Thursday, May 13, 2010

The Ellensburg sky for the week of 5/15/10

Saturday: Venus is a half a fist held upright and at arm’s length to the upper left of the Moon at 9 p.m. While the planet was named for the Roman goddess of love and beauty, it is not a loving place. The surface of the planet is 460 degrees Celsius (860 degrees Fahrenheit), hot enough to melt lead. The barometric pressure on the surface is over 90 times greater than on Earth’s surface. Most missions to Venus have failed either before sending back data or after only a few minutes of sending back data. Not a very neighborly attitude from our nearest planetary neighbor. The next planned Venus explorer is the Japanese mission called Akatsuki, still in development. For an effective introduction to Venus and many other significant solar system objects including the eight planets, Pluto and the Sun, go to http://sse.jpl.nasa.gov/planets/.

Sunday: Spica, the brightest star in the constellation Virgo, is known as the Horn Mansion one of 28 mansions, or constellations, in the Chinese sky. Spica is about three fists above the south horizon at 11 p.m.

Monday: Late spring and early summer is a good time to look for star clusters. Last week, you learned about M3, the third object cataloged by French astronomer Charles Messier over 200 years ago. One of the best clusters is the globular cluster in the constellation Hercules, also called M13. (Hummm. Guess what number that object is in Messier’s catalog.) Globular clusters are compact groupings of a few hundred thousand stars in a spherical shape 100 light years across. (For comparison, a 100 light year diameter sphere near out Sun would contain a few hundred stars.) The globular cluster in Hercules is six fists above due east at 11 p.m. First find Vega, the bright bluish star about four fists above the east-northeast horizon. Two fists to the upper right of Vega is a keystone shape. Aim your binoculars at the two stars that form the uppermost point of the keystone. The globular cluster is one third of the way south of the uppermost star on the way to the rightmost star of the keystone. It looks like a fuzzy patch on the obtuse angle of a small obtuse triangle. If you don’t know what an obtuse angle is, you should not have told your teacher, “I’ll never need to know this stuff”.

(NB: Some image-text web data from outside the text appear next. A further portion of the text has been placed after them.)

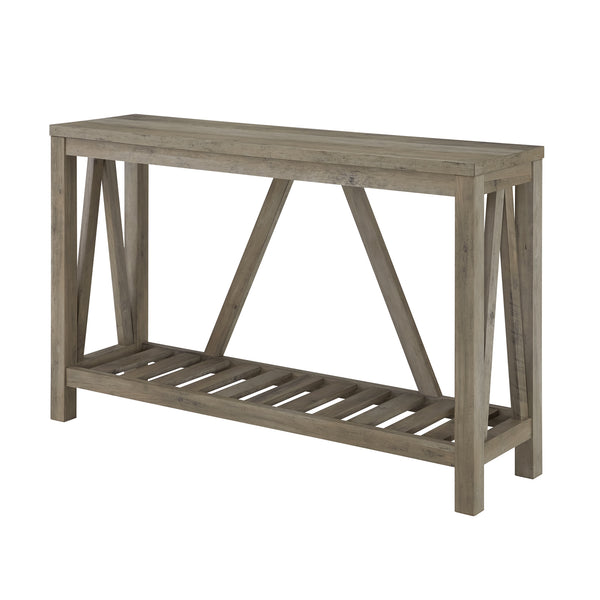 52" Modern Farmhouse Entryway Table Grey Wash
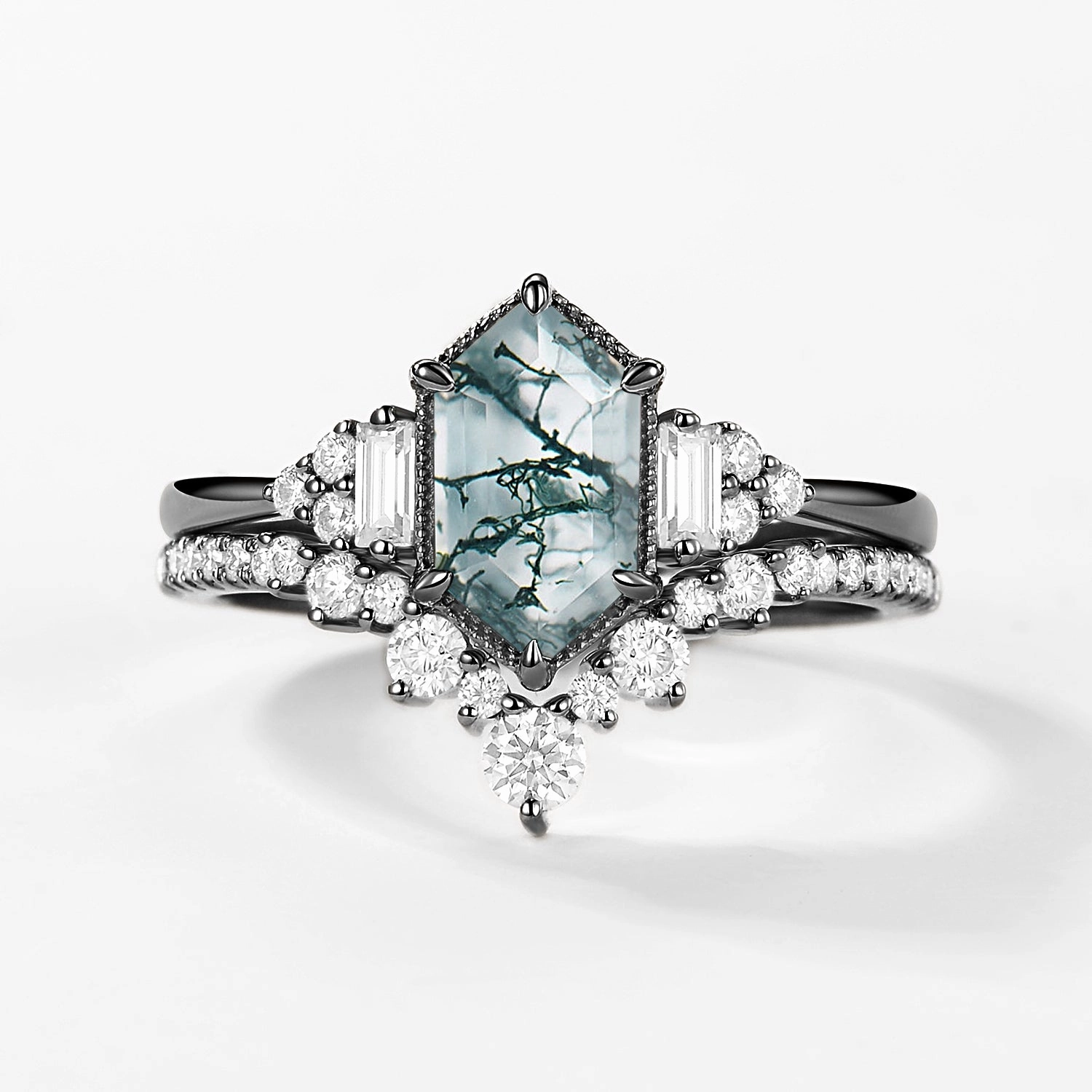 Black Gold Long Hexagon Moss Agate Milgrain Engagement Ring Set 2pcs Exquisite Shine Subtle Elegance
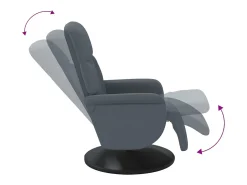 Poltrona | Cadeira Relax | Cadeirão reclinável com apoio de pés veludo cinzento-escuro SHL663110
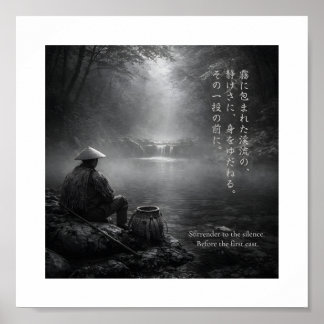 Japanese Tenkara Fishing Art Print ポスター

Tuesday: When it is sitting low in the western sky, many people mistake the star Capella for a planet. It is bright. It has a slight yellow color. But, Capella is compelling on its own. It is the fourth brightest star we can see in Ellensburg. It is the most northerly bright star. It is a binary star consisting of two yellow giant stars that orbit each other every 100 days. At 10 p.m., Capella is two fists above the northwest horizon. If you miss it tonight, don’t worry. Capella is the brightest circumpolar star meaning it is the brightest star that never goes below the horizon from our point of view in Ellensburg.

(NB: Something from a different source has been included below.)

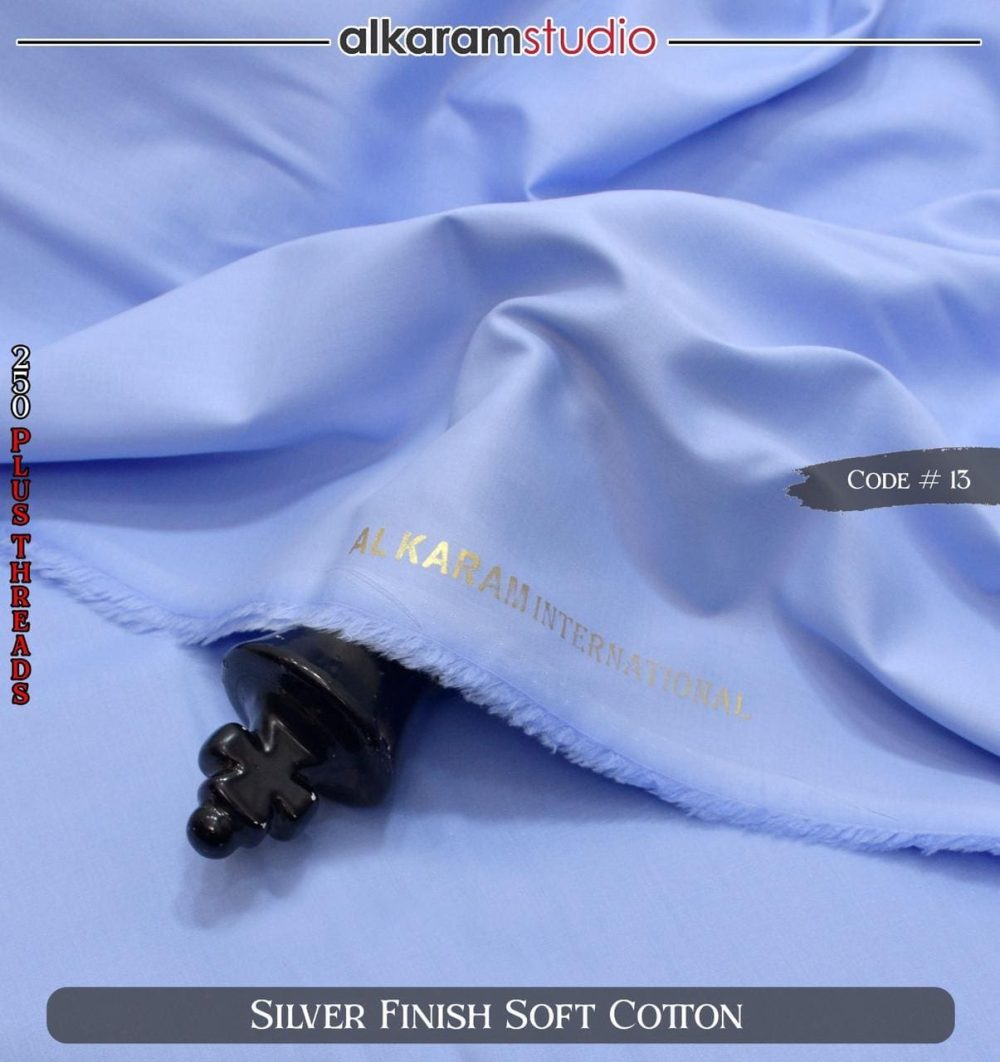 Alkaram Black Soft Cotton Fabric – 100% Pure Code#13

Wednesday: Mars, looking like a bright orange star, is about a half a fist above the Moon at 10 p.m. They are four fists above the west-southwest horizon.

Thursday: The first quarter Moon is in the constellation Leo the lion, about a half a fist below the bright star Regulus.

Friday: Jupiter is two fists above the east-southeast horizon at 5 a.m.

The positional information in this column about stars and planets is typically accurate for the entire week.